[Opening INPUT section]
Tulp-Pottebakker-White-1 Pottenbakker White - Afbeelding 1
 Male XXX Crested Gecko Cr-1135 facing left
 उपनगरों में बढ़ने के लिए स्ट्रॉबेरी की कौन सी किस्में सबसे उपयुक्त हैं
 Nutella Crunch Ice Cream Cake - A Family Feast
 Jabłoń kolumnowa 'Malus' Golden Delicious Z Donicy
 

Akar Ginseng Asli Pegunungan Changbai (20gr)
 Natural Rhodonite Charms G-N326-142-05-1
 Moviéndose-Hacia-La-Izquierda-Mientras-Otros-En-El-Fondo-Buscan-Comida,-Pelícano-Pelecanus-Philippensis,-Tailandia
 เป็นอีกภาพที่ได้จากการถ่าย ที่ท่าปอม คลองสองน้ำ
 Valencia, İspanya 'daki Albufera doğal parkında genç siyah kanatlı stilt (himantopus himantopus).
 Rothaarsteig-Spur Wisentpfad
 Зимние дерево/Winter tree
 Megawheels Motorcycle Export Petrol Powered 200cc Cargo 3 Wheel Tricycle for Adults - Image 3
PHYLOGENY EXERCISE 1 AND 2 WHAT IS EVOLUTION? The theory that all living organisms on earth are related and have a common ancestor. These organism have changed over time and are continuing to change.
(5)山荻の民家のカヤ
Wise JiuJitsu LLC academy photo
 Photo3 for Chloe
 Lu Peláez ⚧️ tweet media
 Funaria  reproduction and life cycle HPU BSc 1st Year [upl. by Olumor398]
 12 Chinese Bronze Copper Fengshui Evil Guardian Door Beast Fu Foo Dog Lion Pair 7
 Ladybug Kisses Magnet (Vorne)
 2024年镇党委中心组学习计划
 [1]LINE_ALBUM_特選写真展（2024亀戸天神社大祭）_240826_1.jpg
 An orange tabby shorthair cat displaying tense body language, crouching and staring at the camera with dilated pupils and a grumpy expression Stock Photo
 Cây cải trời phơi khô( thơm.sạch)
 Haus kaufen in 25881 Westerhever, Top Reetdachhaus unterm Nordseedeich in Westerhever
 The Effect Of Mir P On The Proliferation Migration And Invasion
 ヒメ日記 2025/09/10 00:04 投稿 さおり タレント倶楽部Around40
[Closing INPUT section]
**WHAT TO PRODUCE:**
The full set of entries must be restated exactly, with none omitted.

**RESULT OF THE EXERCISE:**
Tulp-Pottebakker-White-1 Pottenbakker White - Afbeelding 1
 Male XXX Crested Gecko Cr-1135 facing left
 उपनगरों में बढ़ने के लिए स्ट्रॉबेरी की कौन सी किस्में सबसे उपयुक्त हैं
 Nutella Crunch Ice Cream Cake - A Family Feast
 Jabłoń kolumnowa 'Malus' Golden Delicious Z Donicy
 

Akar Ginseng Asli Pegunungan Changbai (20gr)
 Natural Rhodonite Charms G-N326-142-05-1
 Moviéndose-Hacia-La-Izquierda-Mientras-Otros-En-El-Fondo-Buscan-Comida,-Pelícano-Pelecanus-Philippensis,-Tailandia
 เป็นอีกภาพที่ได้จากการถ่าย ที่ท่าปอม คลองสองน้ำ
 Valencia, İspanya 'daki Albufera doğal parkında genç siyah kanatlı stilt (himantopus himantopus).
 Rothaarsteig-Spur Wisentpfad
 Зимние дерево/Winter tree
 Megawheels Motorcycle Export Petrol Powered 200cc Cargo 3 Wheel Tricycle for Adults - Image 3
PHYLOGENY EXERCISE 1 AND 2 WHAT IS EVOLUTION? The theory that all living organisms on earth are related and have a common ancestor. These organism have changed over time and are continuing to change.
(5)山荻の民家のカヤ
Wise JiuJitsu LLC academy photo
 Photo3 for Chloe
 Lu Peláez ⚧️ tweet media
 Funaria  reproduction and life cycle HPU BSc 1st Year [upl. by Olumor398]
 12 Chinese Bronze Copper Fengshui Evil Guardian Door Beast Fu Foo Dog Lion Pair 7
 Ladybug Kisses Magnet (Vorne)
 2024年镇党委中心组学习计划
 [1]LINE_ALBUM_特選写真展（2024亀戸天神社大祭）_240826_1.jpg
 An orange tabby shorthair cat displaying tense body language, crouching and staring at the camera with dilated pupils and a grumpy expression Stock Photo
 Cây cải trời phơi khô( thơm.sạch)
 Haus kaufen in 25881 Westerhever, Top Reetdachhaus unterm Nordseedeich in Westerhever
 The Effect Of Mir P On The Proliferation Migration And Invasion
 ヒメ日記 2025/09/10 00:04 投稿 さおり タレント倶楽部Around40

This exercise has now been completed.